Yo he aprendido, junto a estas amigas y compañeras valiosas, que apartarse de la Naturaleza, es atentar contra nuestra salud y nuestra vida.
Adelaida nos recomendó no callar lo que una siente, pues “el callar nos afecta a lo largo de nuestra vida. Pero la forma en que nos comunicamos, también es importante. Debemos estar dispuestas a escuchar, para poder ser escuchadas”.
Herminia complementó: “Además de la comunicación, hace falta practicar la confianza, el respeto y la comprensión… y no sólo entre mujeres. Pero sí es importante que nosotras, las mujeres, eduquemos a hijos e hijas en estos principios que yo siento tan nuestros”.

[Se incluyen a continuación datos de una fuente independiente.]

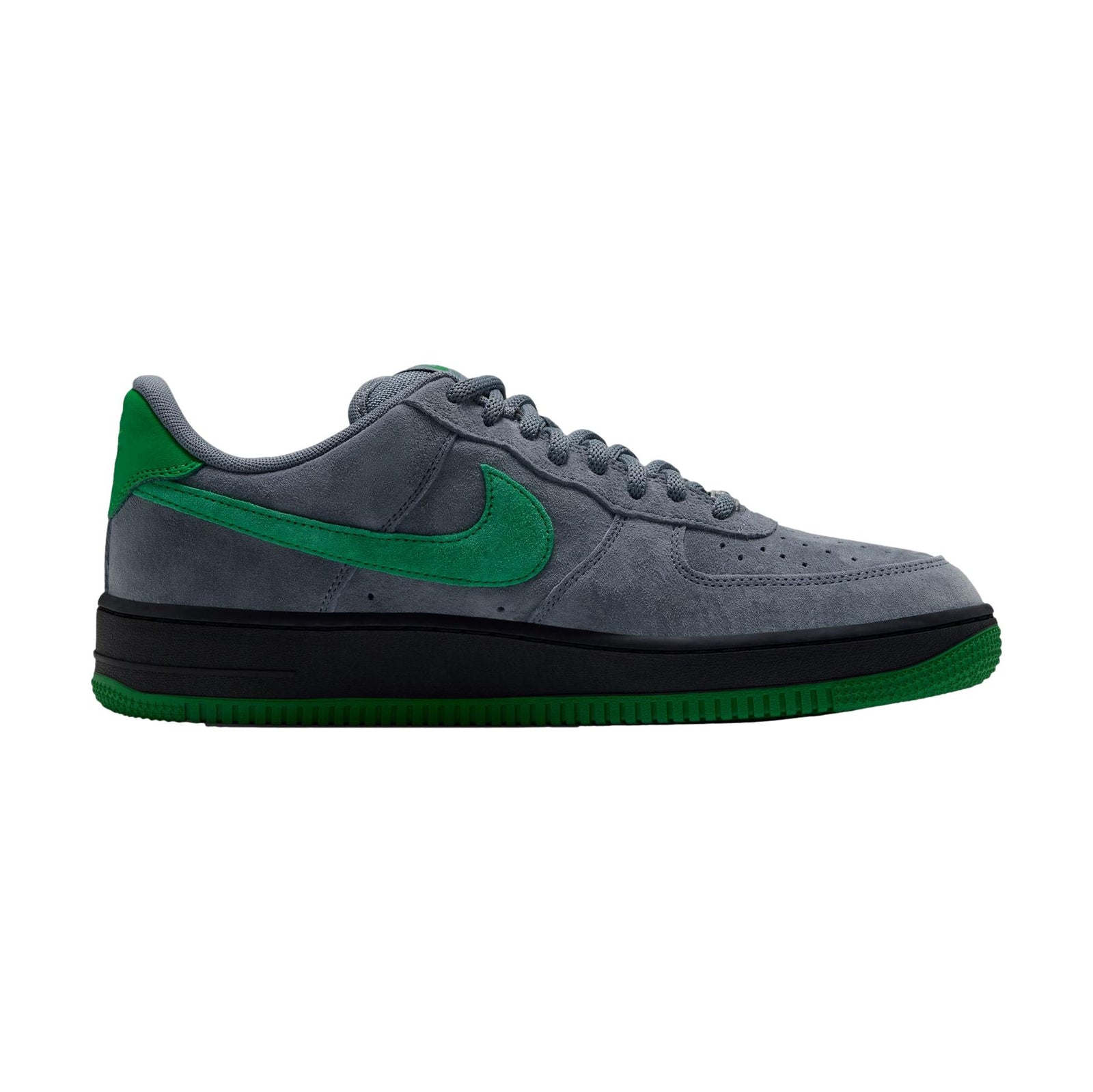 Nike SB Air Force 1 Cool Grey/Court Green-Black-Court Green - Venue Skateboards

Amigos y amigas p’urhépecha me han hablado y mostrado con su ejemplo y práctica constantes, valores tan importantes como la Kaxumbekua (vivir en armonía, con integridad); Tekantani (tolerancia), Umbekua (amor), Jarhajperakua (compartir), o la Puantsakua (perdón). Y con todos ellos, continuar sembrando Mintsikakua (esperanza).
Muchos hombres y mujeres de mi tierra se encuentran convencidos/as de que la raíz p’urhé se nutre de lo bello y lo bueno de costumbres, tradiciones y valores heredados. Yo saludo con afecto y respeto a quienes así me lo han mostrado.
Y termino con estas frases de un texto de María José Arana, titulado “Masculinidad y Feminidad”: “Por cada mujer cansada de aparentar debilidad, hay un hombre débil, cansado de parecer fuerte. Por cada mujer calificada como ‘hembra emocional’, hay un hombre a quien se le ha negado el derecho de llorar y ser delicado. Por cada mujer que se siente atada por sus hijos, hay un hombre a quien le ha sido negado el placer de la paternidad. Por cada mujer que da un paso hacia su propia liberación, hay un hombre que redescubre el camino hacia la libertad”.